President Kagame has said that he wants the judiciary to put an end to criminal libel in Rwanda. The Supreme Court has already invalidated articles in the penal law criminalising defamation of national leaders and persons in charge of public service but has said that the President is still covered by the old provisions. However, the President now says the protection from criminal prosecution should apply to everyone – even those who criticize the President himself.

His comments on Thursday 25th April 2019, continue a trend which began as long ago as 2010, when the government set out to reform the media sector and improve the environment for Rwandan journalists.

In 2010, the Rwandan Cabinet published a new media policy, after a process supported by GMT Media Ltd. It said:

“The policy position of the Government of Rwanda (GoR) on the media is threefold.

  1. Guarantee media freedom in action as is guaranteed in the 2003 National Constitution;
  2. The government does not regulate journalistic content; this done by journalists themselves.
  3. Committed to strengthening the capacity of the media sector as a whole.”

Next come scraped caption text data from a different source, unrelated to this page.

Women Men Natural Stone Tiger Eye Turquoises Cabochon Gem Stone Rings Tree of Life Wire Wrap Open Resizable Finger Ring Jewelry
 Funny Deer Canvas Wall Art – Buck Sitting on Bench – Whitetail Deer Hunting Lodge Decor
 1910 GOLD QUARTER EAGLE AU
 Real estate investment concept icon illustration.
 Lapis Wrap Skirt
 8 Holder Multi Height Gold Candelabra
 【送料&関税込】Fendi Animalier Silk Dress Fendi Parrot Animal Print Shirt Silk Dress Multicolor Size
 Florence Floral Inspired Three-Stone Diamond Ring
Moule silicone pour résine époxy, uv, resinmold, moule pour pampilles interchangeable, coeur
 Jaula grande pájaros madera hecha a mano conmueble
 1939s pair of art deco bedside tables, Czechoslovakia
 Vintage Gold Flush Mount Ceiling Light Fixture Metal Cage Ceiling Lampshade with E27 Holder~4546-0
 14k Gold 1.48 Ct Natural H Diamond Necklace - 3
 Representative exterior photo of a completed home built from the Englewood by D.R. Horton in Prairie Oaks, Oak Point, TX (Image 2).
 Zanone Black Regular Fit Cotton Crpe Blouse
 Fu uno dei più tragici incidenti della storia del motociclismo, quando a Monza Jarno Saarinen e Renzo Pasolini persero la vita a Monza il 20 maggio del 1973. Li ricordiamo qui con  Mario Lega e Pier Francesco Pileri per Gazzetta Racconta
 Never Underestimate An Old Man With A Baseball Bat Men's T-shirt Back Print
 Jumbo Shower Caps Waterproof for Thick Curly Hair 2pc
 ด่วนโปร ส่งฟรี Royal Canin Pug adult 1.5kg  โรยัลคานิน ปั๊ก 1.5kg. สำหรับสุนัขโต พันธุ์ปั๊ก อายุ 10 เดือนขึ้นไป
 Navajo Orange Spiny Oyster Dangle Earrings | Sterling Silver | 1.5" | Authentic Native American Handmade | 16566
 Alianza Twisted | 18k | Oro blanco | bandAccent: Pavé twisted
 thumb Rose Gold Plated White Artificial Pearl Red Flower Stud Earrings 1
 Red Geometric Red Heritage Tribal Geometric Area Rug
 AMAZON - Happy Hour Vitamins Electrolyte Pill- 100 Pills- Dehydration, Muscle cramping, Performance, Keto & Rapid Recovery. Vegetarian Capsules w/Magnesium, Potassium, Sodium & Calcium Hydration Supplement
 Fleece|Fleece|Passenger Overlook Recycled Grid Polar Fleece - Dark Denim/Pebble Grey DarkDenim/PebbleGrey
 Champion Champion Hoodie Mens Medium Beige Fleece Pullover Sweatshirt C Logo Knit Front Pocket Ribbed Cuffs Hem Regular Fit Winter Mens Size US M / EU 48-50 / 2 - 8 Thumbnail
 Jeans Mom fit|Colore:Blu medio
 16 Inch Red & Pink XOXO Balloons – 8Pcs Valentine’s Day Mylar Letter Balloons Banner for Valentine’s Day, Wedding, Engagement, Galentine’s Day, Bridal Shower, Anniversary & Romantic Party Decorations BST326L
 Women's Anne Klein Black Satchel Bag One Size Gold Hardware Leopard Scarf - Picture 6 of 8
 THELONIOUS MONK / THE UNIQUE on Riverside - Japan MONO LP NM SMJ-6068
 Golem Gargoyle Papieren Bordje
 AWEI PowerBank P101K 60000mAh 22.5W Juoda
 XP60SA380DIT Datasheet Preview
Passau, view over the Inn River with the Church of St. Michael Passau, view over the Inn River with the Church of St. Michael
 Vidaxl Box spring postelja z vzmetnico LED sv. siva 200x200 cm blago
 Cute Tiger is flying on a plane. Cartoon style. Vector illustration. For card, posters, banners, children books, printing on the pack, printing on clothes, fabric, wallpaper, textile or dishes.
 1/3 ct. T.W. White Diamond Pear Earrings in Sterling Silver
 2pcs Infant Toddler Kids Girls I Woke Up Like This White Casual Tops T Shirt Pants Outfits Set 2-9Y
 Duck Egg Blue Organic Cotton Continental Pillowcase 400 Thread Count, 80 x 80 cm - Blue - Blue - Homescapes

The policy launched a process which passed six new laws related to media over the next five years. It led directly to the abolition of The Media High Council and the Ministry of Information. New legislation also underpinned a revised form of media regulation which separated the regulation of content from broadcast spectrum. A self-regulatory body was created which was intended to allow journalists control over content, while the broadcast spectrum was handed to the Rwanda Utilities Regulatory Authority (RURA). An Access to Information Act was passed to underpin the right of journalists to obtain information from government officials. At the same time a law was passed which promised to turn the State Broadcaster in to a Public Broadcaster with an independent board – a law that has not been fully implemented. However, it did encourage the rise of independent producers in Rwanda and even enabled Rwanda TV to launch the first ever independently produced news programme on state TV.

The threat of criminal libel places a heavy hand on journalists in many countries around the world. It discourages the kind of news coverage which is essential if politicians are to be held to account for their actions. It also hinders honest politicians’ efforts to tackle corruption and mismanagement. In calling for the abolition of criminal libel, President Kagame is striking a better balance between the desire to protect an individual’s right to privacy and the need to protect the right to publish in the public interest. Ghana repealed criminal libel in 2001 and the UK followed suit in 2010. Sierra Leone is currently considering abolishing it. Will Rwanda be the next to complete the task? The President thinks it should.